彼はもう帰ってこないんじゃないかと思っていた。そして、万が一帰って来たとしても、私のことは覚えていないんじゃないかと懸念していた。けれども彼は長い年月を経てこの場所に帰って来て、しかも、きちんと私のことを覚えていてくれた。ただいま、と。そう言ってくれた時の笑顔を、私は一生忘れないと思う。
彼が帰って来てからすぐ、私達は同棲を始めた。彼が西に旅立つ前からそうしようと約束していたことを、律儀にも覚えてくれていたらしい。彼との同棲生活において、意見の不一致や生活習慣の違いによる喧嘩や言い合いはひとつもなかった。元々温厚な彼とはほとんど喧嘩をしたことがなかったし、喧嘩をしたとしても私が一方的にヤキモチを妬いたり何かを勘違いして怒ったりするぐらいで、彼から負の感情を押し付けられたことは1度もなかったので、もしかしたら彼は何も言わないだけで鬱憤を溜め込んでいるのかもしれない。


「ねぇ八戒」
「はい?」
「私に言いたいこととかない?」
「なんですか、藪から棒に」
「なんとなく…八戒は私に不満とかないのかなあと思って…」


特別なキッカケがあったわけではない。ただ本当になんとなくきいてみたくなっただけだった。同棲し始めて今日でちょうど2年。
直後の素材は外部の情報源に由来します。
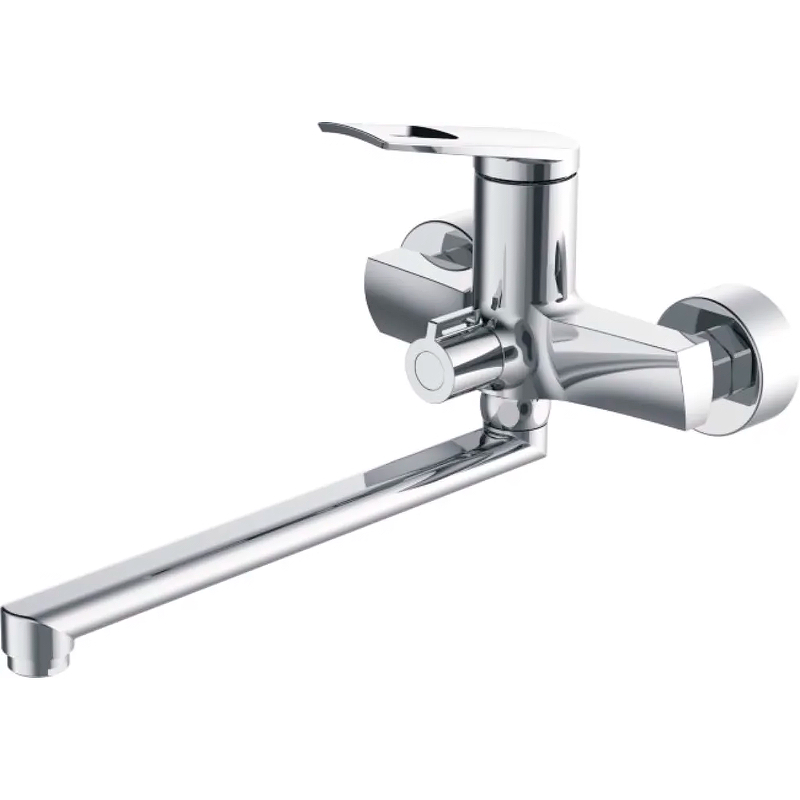 

Смеситель Haiba HB595 HB22595 для ванны с душем, хром, HB595 HB22595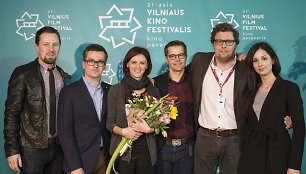 Filmo &bdquo;Ateljė Rojaus drabužiai&ldquo; komanda 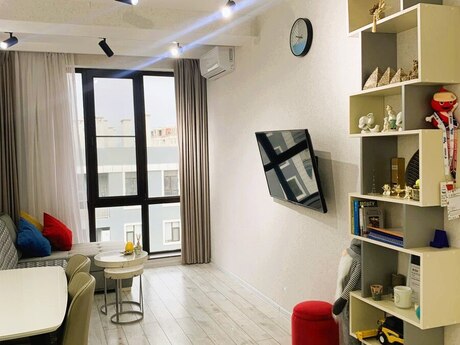 2 otaqlı yeni tikili - Nərimanov r. - 62 m²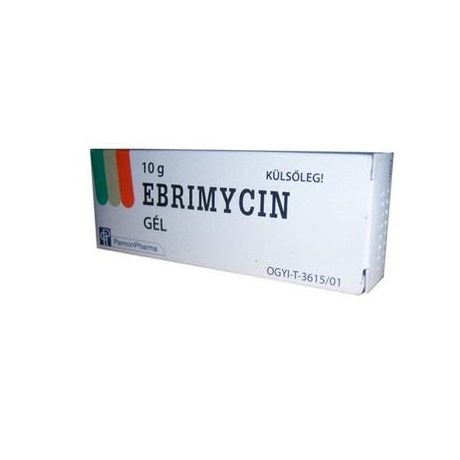 EBRIMYCIN gél 10 g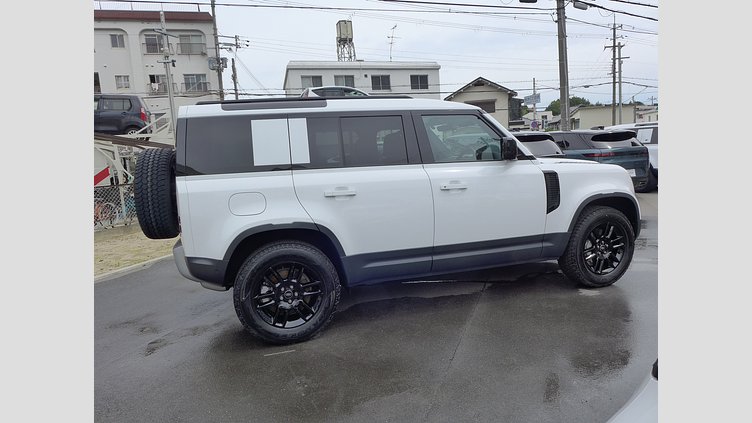 2024 認定中古車 Land Rover Defender 110 フジホワイト D350 ディーゼルマイルドハイブリッド S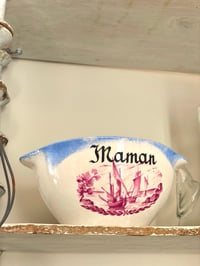 Image 3 of Ancien bol à oreilles - maman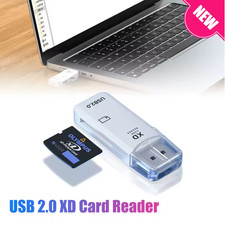 XD Picture Card Reader USB 2.0 Memory Adapter for Olympus Fuji Cameras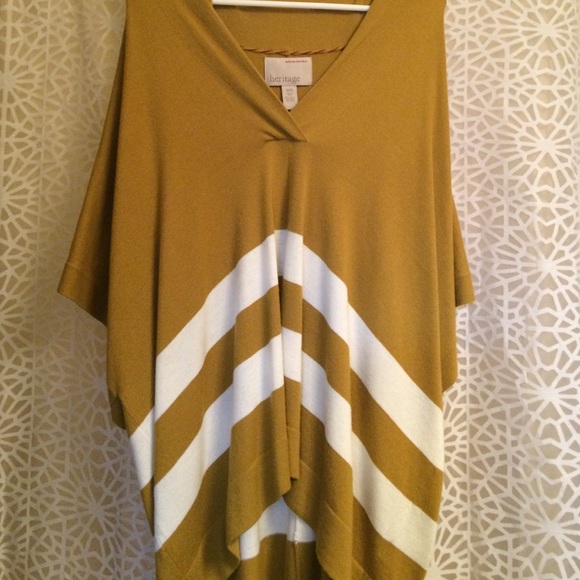 Oversized sweater from Banana Republic Heritage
不平不満のひとつぐらいあるだろうに、彼は相変わらず、そんなのありませんよ、と柔らかく笑う。
例えば、朝起きるのが遅いとか、私が当番の日の朝ご飯のメニューはワンパターンだとか、そもそもご飯を当番制で作るのはどうなんだとか、洗濯物の畳み方が雑だとか、掃除の仕方が甘いとか、買い物で無駄遣いをしすぎだとか、自分で考えるだけでもこれだけ思い付くというのに、彼はそれら全てに対して不満はないと言う。こんなに大らかな男が他にいるだろうか。少なくとも私の知り合いには絶対にいない。彼はできすぎた男なのだ。
これだけ優しくて家事もできて見た目も良い彼氏なのだから、浮気のひとつやふたつされたって許さなければならないと思う。けれども彼は素行も完璧なので浮気の「う」の字もチラついたことがない。それは嬉しいことなのだけれど、だからこそ、こんな自分が彼のような男を独占してしまって良いのかと不安にもなったりして。浮気されたらされたで怒ったり泣き喚いたりするに決まっているくせに、私というヤツは全く面倒な女である。


「名前はないんですか?僕に言いたいこと」
「えぇ…それこそないよ…あったら世間の女の人に殺される…」
「殺されるなんて物騒ですねぇ」
「だって八戒って完璧なんだもん…」
「そんなことありませんよ。完璧だったら何も失わずに済んだでしょうし」


う、と言葉に詰まったのは、彼が失ったものの大きさを知っているからだ。彼の過去は正直知りたくなかった。けれど、知らなければならなかったと思う。何があって、何を失って、何を思って今に至るのか。全てを理解することは難しいだろうけれど、できるだけ受け止めたいとは思っている。昔も今も。それができているかは分からないけれど。
この手の話になると私の顔は自然と曇ってしまうらしい。だからいつも彼は意図的に触れないようにしているようなのだけれど、それも私を気遣ってのことなのだと思うと申し訳なかった。もっと、彼ほどではなくても広い心で全てを受け止められる度量があったら、どんなに良いだろう。私はいつも無いものねだりだ。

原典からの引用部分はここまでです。